In the entries below, find the line with "J. Marie Jenna" and the line with "A hallmarked 9ct gold ring - Bild 2 aus 2"; give again those lines and every line between them, exactly.

_SOURCE DATA:_
====
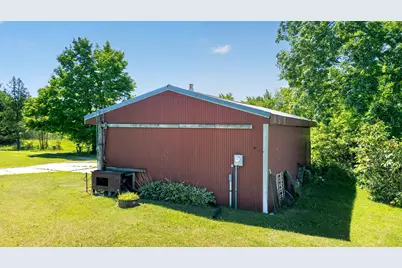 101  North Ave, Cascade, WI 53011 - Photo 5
====
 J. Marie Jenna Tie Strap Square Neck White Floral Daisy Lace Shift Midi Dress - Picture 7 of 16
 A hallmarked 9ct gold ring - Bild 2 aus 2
====
_RESULT:_
 J. Marie Jenna Tie Strap Square Neck White Floral Daisy Lace Shift Midi Dress - Picture 7 of 16
 A hallmarked 9ct gold ring - Bild 2 aus 2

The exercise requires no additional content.